This week, PCI-standards consortium PCI-SIG (Special Interest Group) has ratified and released specifications for PCIe 4.0 Specification Version 1, uploading the documents to their PCI-SIG Specification Library. This marks the full release of PCIe 4.0, following up on June’s revision 0.9 specification publication. Doubling PCIe 3.0’s 8 GT/s (~1 GB/s) of bandwidth per lane, PCIe 4.0 offers a transfer rate of 16 GT/s with flexible lane width configurations, providing significant I/O performance benefits useful for storage, networking, and AI applications. At the same time, PCI-SIG has targeted Q2 2019 for releasing the finalized PCIe 5.0 specification, so PCIe 4.0 won't be quite as long-lived as PCIe 3.0 has been.

In context, PCI-SIG has previously kept to a four year cadence for PCIe 1.0 (2003), PCIe 2.0 (2006), and PCIe 3.0 (2010). In regards to the seven year delay, PCI-SIG noted that PCIe 3.0 provided sufficient bandwidth for some time before the developments and rising demands of AI compute workloads, PCIe NVMe and 3D XPoint storage, and networking speeds, particularly as 10GbE becomes more and more accessible to consumers. For compute GPUs, the bandwidth limitations of PCIe 3.0 had already driven NVIDIA in developing their proprietary NVLink interconnect. Consequently, with PCIe 4.0 and beyond, the PCI-SIG is looking to get back towards a more normal cadence, especially as they've now resolved some of the major technical hurdles in enabling faster transfer rates via the PCIe 4.0 standard.

The other aspect is the nature of the organization. PCI-SIG has almost 800 member companies, from which they annually elect a board of directors; for 2017-2018, the Board includes members from AMD, Intel, and NVIDIA. In developing and maintaining the open PCI specifications, members collaborate in committees and technical workgroups, submitting and reviewing specification changes. Part of PCI-SIG’s recent work is in streamlining in this process.

Once the specifications are finalized, members must have products pass interoperability and compliance tests at one of PCI-SIG’s many Compliance Workshops throughout the year, in order for the product to be added to the Integrators List, which OEMs and system integrators use in choosing hardware. For PCIe 4.0, PCI-SIG offered pre-publication Compliance Workshops for the first time, utilizing the earlier revision 0.9, but only at a preliminary “FYI Testing” level. For the rest of the year, PCI-SIG will offer PCIe 4.0 FYI Testing at Compliance Workshops; for the time being, PCIe 4.0 is not listed on either the official Compliance Program and Integrators List.

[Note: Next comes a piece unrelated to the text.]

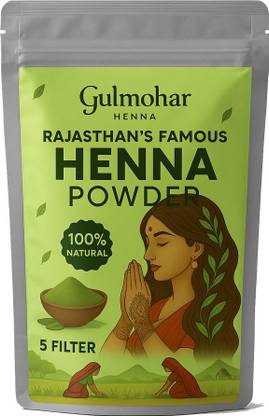 GULMOHAR Organic BAQ Mehandi Powder (triple shifted) Sojat Rajasthani Henna Powder -200 Gm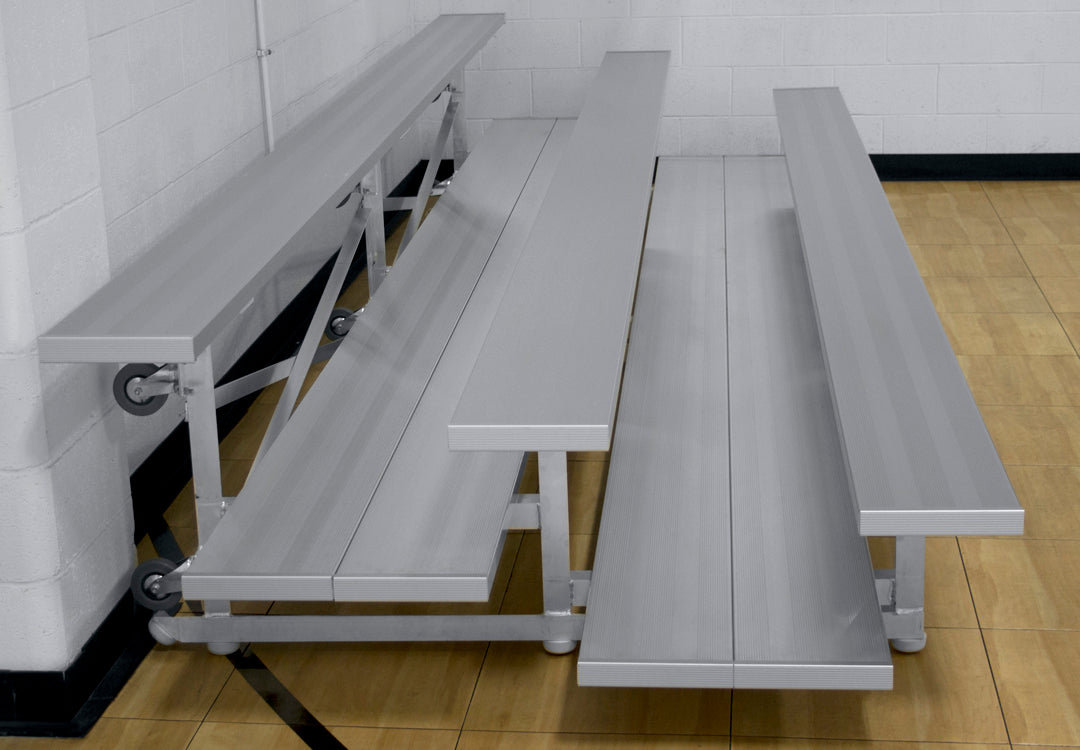Gared Spectator Tip n' Roll Bleacher - 21', 3 Row, Foot Plank - SKU: TRB0321DF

Like the previous PCIe iterations, PCIe 4.0 features backwards compatibility, and PCIe 1.x, 2.x, and 3.x cards will fit PCIe 4.0 slots and operate normally. PCIe 4.0 also maintains PCIe 3.0’s 128b/130b encoding, which will continue to be used in PCIe 5.0.

Among the other improvements, several features are more relevant for designers and developers than end users. As data rates increase, performance variation rises and signal integrity degrades. With that in mind, PCIe 4.0 brings lane margining at the PHY receiver, where the PCIe controller obtains electrical margin information of each PCIe lane in order to measure variation tolerance. PCIe 4.0 also has extended tags and credits, features that work together to mask latency and promote full bandwidth saturation. Other improvements include overall reduced system latency, I/O virtualization and platform integration, and added lanes/bandwitdth scalability, as well as enhanced Reliability, Availability, Serviceability (RAS) capabilities.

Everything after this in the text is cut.